**EXERCISE:**
Print out the data exactly, keeping every image out of it.

**GIVEN MATERIAL:**
----------------
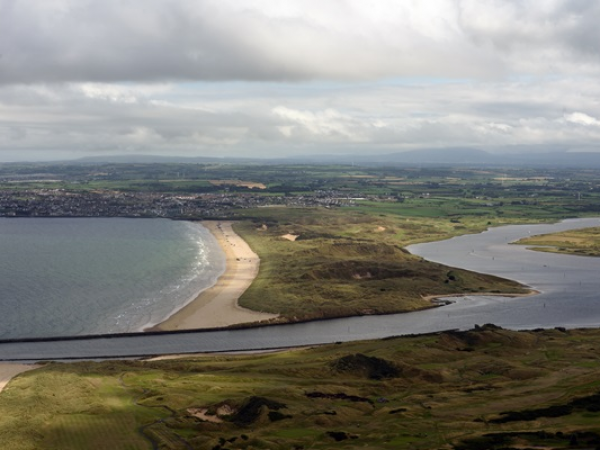 Four seasons Painting Workshop Episode 2 – Summer at Portstewart Strand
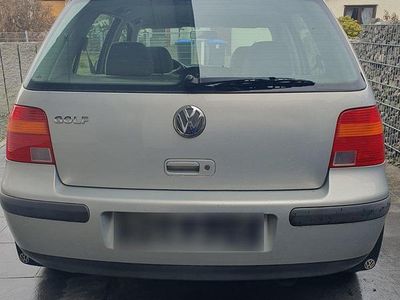 Gebraucht VW Golf IV 75 PS (55 kW) 2000 Silber Kleinwagen
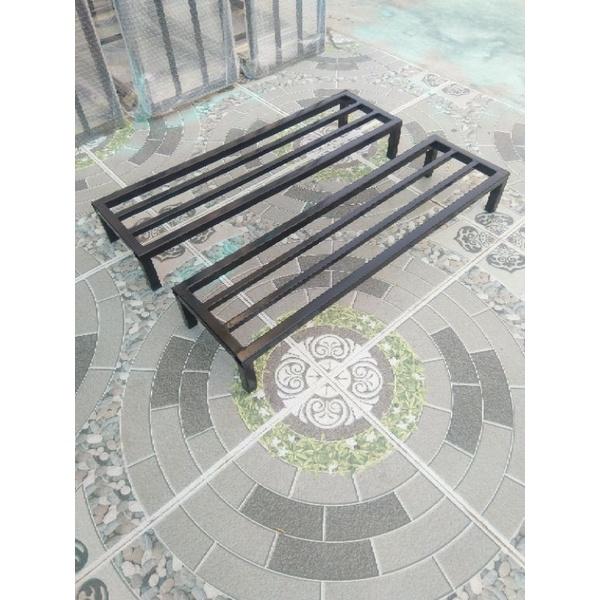 Kệ kê đồ,chậu hoa, cây cảnh, chậu rau Ban công Sân thượng, Rộng:25cm;Dài:70cm. hộp thép 2x2cm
----------------
**SOLVED EXERCISE:**
 Four seasons Painting Workshop Episode 2 – Summer at Portstewart Strand
 Gebraucht VW Golf IV 75 PS (55 kW) 2000 Silber Kleinwagen
 Kệ kê đồ,chậu hoa, cây cảnh, chậu rau Ban công Sân thượng, Rộng:25cm;Dài:70cm. hộp thép 2x2cm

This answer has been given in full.